This PR aims to showcase various strategies how to improve the performance of Arrow.jl and allow for easier testing. The intention is to be broken into separate modular PRs for actual contributions (upon interest).

TL;DR Arrow.jl beats everyone except for one case (loading large strings in Task1, uncompressed Polars+PyArrow is so fast - 5ms - that it clearly uses some lazy strategy and skips materializing the strings)

Changes:

  • Project deps: added deps for InlineStrings (direct)
  • Arrow.Table - added kwarg "useinlinestrings" to load strings as InlineStrings whenever possible (defaults to "true")
  • Arrow.write - added chunking/partitioning as a default (same as PyArrow, kwarg "chunksize" (defaults to "64000" like PyArrow, could be changed to consider available threads)
  • Compression - added thread-safe implementation with locks for decompression, added locks for compression (see Add locks for de-/compressor + initialize decompressor #397)
  • TranscodingStreams (pirates involved) - added an in-place mutating transcode to avoid unnecessary output buffer resizing

Future:

  • separate parsing the structure from materializing the buffers within RecordBatches. Currently, it's done together (VectorIterator), but separating it would enable better multithreading (it seems to be the secret ingredient of Polars/Pyarrow when data is not partitioned)
  • allow native serialization/deserialization of InlineStrings (wouldn't be readable in other languages / would look like Ints)

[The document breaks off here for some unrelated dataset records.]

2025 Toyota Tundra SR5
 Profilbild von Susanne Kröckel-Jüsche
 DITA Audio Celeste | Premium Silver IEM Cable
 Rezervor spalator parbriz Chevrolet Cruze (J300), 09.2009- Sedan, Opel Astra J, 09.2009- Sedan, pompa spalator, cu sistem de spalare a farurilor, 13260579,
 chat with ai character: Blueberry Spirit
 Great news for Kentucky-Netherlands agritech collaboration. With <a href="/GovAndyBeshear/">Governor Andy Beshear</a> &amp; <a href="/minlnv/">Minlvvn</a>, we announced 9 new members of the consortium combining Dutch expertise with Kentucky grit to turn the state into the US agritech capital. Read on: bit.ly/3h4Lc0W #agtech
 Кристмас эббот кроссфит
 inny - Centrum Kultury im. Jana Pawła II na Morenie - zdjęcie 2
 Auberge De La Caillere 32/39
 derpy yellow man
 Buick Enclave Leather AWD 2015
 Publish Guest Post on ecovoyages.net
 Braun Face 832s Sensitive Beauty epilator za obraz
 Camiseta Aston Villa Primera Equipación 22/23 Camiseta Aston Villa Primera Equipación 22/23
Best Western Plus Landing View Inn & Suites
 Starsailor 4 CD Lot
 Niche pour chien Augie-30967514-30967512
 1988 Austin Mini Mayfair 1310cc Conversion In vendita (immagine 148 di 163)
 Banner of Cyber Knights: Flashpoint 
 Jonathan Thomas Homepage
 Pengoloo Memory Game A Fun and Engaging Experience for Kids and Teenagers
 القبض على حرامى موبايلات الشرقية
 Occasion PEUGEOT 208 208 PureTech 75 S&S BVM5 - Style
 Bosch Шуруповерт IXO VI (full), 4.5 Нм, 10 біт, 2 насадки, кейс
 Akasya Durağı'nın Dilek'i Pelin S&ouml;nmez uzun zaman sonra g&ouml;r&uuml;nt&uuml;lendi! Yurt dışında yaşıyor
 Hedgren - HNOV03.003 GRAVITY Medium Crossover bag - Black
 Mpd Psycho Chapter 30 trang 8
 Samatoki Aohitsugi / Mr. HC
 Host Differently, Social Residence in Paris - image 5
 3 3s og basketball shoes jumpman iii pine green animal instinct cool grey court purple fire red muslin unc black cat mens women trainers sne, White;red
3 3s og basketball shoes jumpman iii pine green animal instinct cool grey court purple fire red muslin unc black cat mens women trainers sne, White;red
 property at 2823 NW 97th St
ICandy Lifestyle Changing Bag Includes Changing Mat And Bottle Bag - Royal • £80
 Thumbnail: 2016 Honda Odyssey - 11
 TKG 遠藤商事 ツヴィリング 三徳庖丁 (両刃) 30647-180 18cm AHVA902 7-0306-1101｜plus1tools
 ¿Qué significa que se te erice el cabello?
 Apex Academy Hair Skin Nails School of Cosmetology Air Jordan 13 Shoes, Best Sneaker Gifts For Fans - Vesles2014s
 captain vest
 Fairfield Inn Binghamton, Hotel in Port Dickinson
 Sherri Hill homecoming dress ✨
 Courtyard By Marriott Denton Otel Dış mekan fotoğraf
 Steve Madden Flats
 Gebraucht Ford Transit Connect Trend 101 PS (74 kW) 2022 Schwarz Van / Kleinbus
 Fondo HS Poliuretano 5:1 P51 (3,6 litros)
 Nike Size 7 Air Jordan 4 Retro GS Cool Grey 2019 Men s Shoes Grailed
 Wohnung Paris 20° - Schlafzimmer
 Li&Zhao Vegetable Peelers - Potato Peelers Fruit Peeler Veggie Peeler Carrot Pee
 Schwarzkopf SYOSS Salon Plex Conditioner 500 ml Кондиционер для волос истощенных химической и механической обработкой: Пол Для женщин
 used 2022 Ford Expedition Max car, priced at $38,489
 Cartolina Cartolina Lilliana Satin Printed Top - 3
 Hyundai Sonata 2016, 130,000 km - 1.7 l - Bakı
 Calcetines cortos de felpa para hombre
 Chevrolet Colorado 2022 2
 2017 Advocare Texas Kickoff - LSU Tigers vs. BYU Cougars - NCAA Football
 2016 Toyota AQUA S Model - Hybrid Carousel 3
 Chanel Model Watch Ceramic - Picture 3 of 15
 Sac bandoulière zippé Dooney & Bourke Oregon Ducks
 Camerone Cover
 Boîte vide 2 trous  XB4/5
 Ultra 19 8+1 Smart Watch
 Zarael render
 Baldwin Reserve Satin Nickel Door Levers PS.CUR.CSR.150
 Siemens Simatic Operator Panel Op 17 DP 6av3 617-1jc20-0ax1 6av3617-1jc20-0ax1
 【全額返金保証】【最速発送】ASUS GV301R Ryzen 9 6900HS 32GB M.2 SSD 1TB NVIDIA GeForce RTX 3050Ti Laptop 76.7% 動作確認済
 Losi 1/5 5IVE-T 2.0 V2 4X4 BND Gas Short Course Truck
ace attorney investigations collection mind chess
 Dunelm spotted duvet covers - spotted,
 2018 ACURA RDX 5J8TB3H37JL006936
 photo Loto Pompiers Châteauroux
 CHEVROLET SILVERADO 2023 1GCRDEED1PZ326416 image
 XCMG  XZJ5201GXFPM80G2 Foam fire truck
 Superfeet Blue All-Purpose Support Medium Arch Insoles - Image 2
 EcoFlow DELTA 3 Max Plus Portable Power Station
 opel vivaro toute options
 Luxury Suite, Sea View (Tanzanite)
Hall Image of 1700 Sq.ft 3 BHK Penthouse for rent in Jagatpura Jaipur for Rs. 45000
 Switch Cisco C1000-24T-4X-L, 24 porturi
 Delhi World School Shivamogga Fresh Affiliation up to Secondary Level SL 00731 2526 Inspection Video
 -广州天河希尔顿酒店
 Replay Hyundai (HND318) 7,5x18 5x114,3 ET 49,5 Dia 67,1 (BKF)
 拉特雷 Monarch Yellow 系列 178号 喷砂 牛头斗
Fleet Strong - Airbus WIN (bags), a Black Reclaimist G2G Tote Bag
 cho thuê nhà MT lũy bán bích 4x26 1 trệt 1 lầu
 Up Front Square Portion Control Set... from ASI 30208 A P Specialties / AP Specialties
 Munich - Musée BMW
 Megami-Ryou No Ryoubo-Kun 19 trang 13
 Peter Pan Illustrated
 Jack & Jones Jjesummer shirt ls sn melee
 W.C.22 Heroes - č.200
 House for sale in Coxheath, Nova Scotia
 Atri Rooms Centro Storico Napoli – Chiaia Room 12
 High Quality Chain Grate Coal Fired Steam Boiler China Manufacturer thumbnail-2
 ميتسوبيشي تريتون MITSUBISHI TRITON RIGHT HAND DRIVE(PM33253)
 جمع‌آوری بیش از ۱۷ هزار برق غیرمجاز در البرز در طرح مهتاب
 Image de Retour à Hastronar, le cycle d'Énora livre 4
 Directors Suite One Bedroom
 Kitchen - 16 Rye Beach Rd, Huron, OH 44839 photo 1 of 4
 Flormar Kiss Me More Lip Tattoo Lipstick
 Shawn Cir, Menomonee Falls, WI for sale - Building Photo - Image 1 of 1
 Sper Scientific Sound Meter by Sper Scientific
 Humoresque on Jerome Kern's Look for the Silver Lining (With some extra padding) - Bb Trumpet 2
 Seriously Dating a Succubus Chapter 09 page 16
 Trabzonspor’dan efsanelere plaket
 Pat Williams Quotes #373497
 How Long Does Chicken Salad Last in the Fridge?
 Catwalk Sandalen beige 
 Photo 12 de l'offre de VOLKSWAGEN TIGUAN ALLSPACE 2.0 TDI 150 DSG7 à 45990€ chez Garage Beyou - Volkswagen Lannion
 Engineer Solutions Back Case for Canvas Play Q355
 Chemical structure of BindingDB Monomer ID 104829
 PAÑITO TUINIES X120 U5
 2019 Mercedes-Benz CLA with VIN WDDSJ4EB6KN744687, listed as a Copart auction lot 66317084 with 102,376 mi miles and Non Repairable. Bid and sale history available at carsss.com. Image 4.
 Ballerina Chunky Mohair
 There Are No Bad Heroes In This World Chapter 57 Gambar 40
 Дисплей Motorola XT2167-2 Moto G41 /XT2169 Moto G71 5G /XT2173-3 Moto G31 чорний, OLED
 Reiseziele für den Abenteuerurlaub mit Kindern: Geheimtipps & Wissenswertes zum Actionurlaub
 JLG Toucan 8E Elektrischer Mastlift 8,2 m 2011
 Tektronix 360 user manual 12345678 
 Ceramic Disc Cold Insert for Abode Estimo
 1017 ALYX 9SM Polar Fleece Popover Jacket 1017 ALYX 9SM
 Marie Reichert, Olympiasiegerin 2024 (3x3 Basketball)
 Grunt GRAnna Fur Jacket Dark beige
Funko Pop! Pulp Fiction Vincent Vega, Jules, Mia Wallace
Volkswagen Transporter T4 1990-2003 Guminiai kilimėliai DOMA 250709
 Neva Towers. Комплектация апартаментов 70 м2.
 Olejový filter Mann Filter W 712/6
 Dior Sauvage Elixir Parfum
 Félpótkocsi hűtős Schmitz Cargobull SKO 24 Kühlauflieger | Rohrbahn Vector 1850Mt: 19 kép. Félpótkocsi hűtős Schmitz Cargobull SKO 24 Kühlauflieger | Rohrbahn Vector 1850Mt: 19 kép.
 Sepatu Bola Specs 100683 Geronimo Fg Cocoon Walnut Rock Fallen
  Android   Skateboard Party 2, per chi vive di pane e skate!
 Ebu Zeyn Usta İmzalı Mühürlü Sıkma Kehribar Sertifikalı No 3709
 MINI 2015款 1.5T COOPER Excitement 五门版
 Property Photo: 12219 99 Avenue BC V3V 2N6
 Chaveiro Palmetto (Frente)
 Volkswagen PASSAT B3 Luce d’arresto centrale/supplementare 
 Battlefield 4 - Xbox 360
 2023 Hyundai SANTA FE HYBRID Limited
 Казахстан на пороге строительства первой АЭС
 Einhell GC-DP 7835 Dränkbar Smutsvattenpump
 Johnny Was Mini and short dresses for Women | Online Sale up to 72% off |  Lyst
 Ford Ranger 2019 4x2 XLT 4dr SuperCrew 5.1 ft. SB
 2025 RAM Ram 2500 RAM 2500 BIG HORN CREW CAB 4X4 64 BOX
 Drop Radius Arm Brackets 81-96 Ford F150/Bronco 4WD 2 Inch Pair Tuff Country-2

Timings (copied from the original thread for comparison):
Task 1: 10x count nonmissing elements in the first column of a table
Data: 2 columns of 5K-long strings each, 10% of data missing, 10K rows
Timings: (ordered by Uncompressed, LZ4, ZSTD)

  • Pandas: 1.2s, 1.5s, 1.6s
  • Polars: 5ms, 1.5s, 2.05s
  • Polars+PyArrow: 4.8ms, 0.26s, 0.42s
  • Arrow+32Threads: 0.17s, 2.3s, 1.6s
  • Arrow+1Thread: 0.2, 2.25s, 1.9s

Data: 32 partitions (!), 2 columns of 5K-long strings each, 10% of data missing, 10K rows
Timings: (ordered by Uncompressed, LZ4, ZSTD)

  • Pandas: 1.2s, 1.0s, 1.2s
  • Polars: 9ms, 2.1s, 2.8s
  • Polars+PyArrow: 1.1s, 1.3s, 1.5s
  • Arrow+32Threads: 0.22s, 0.44s, 0.4s
    (Arrow.jl timing also benefits from a quick fix to TranscodingStreams)

NEW: partitioned using the new defaults+keywords write_out_compressions(df, fn; chunksize = cld(nrow(df), Threads.nthreads()));

  • Arrow+32Threads: 0.21s, 0.26s, 0.25s
  • Arrow+1Threads: 0.15s, 0.45s, 1.18s

Task 2: 10x mean value of Int column in the first column of a table
Data: 10 columns, Int64, 10M rows
Timings: (ordered by Uncompressed, LZ4, ZSTD)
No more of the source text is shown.